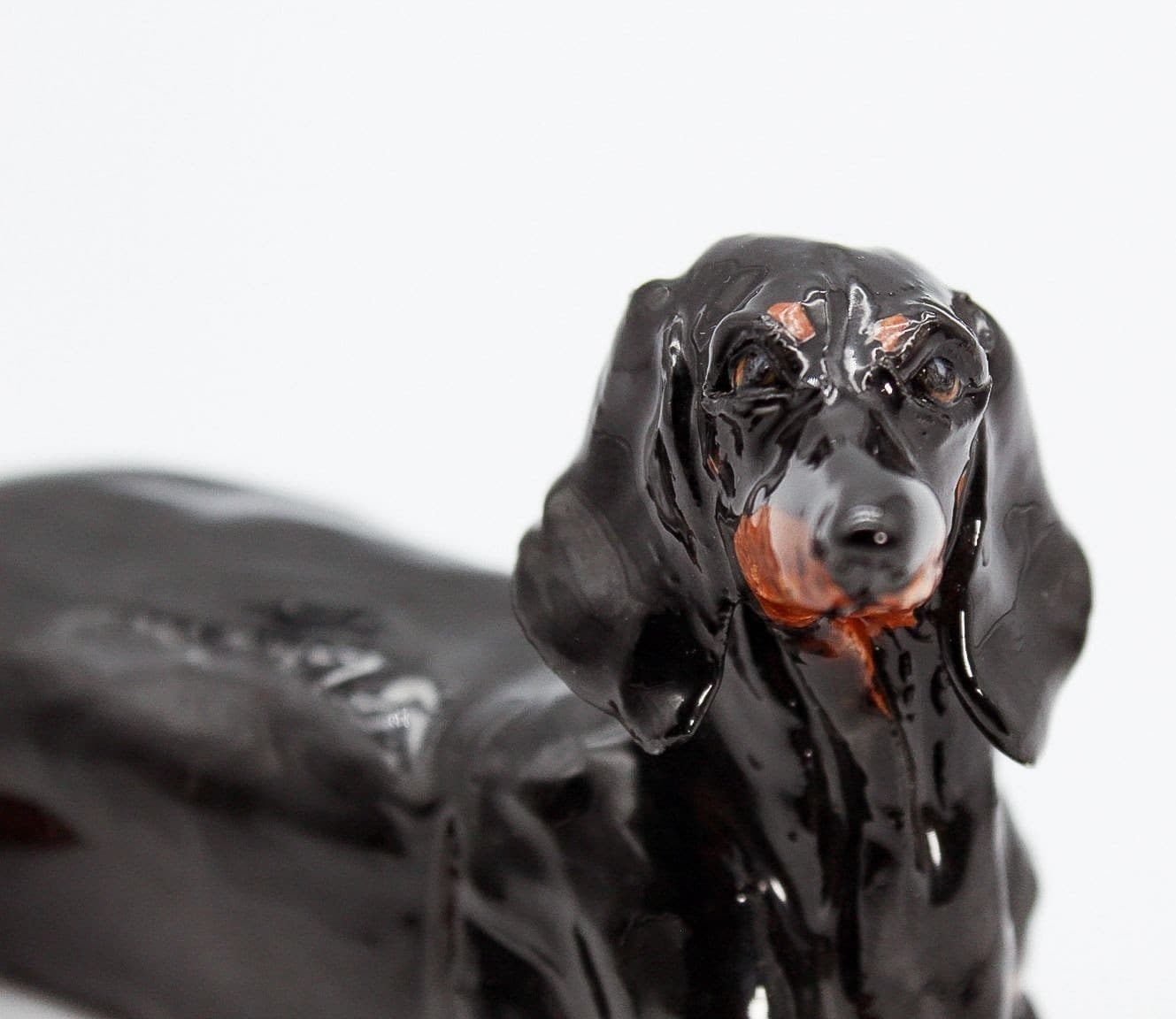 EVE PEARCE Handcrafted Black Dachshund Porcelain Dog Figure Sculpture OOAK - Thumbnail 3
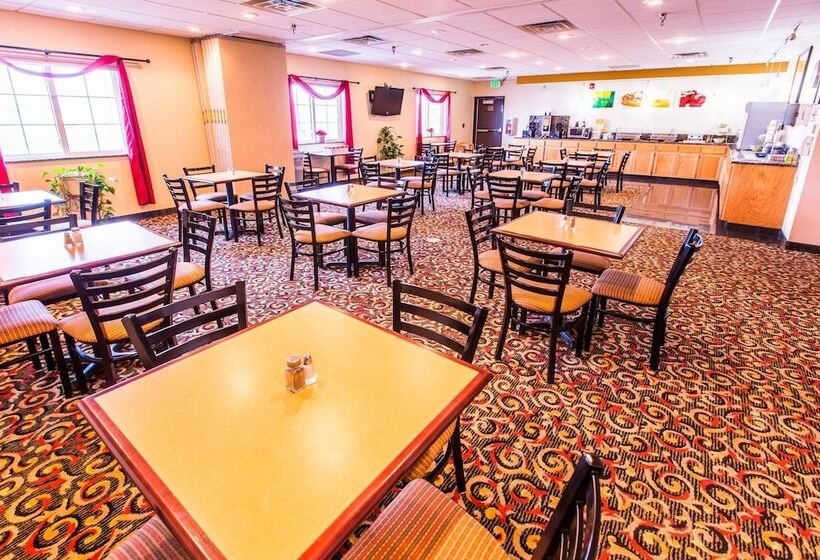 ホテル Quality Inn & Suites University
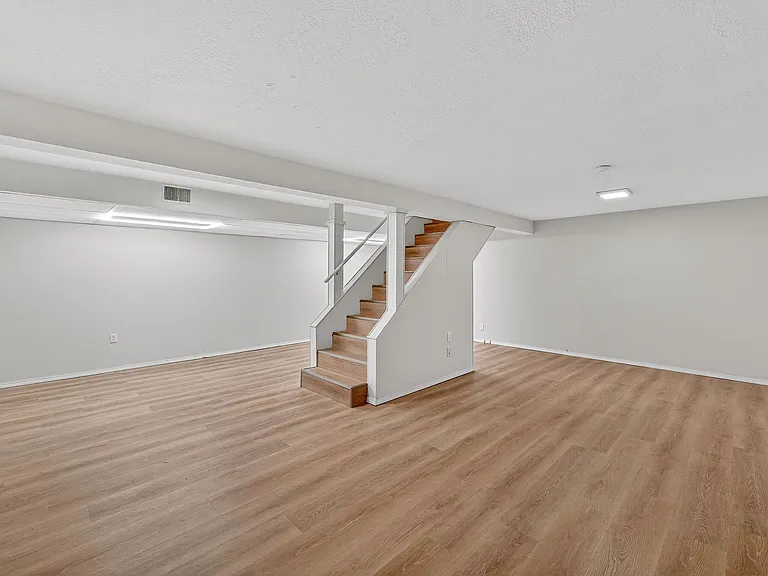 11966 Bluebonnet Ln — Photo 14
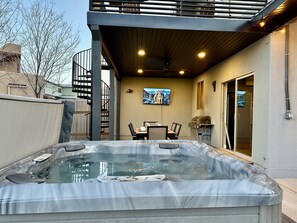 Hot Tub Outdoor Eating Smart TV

★ ★ ★ ★ ★ ★ ★

YOUR GOAL:
Every line from the one containing "11966 Bluebonnet Ln — Photo 14" through the end of the listing is to be copied exactly; the pictures are not.

COMPLETED TASK:
 11966 Bluebonnet Ln — Photo 14
 Hot Tub Outdoor Eating Smart TV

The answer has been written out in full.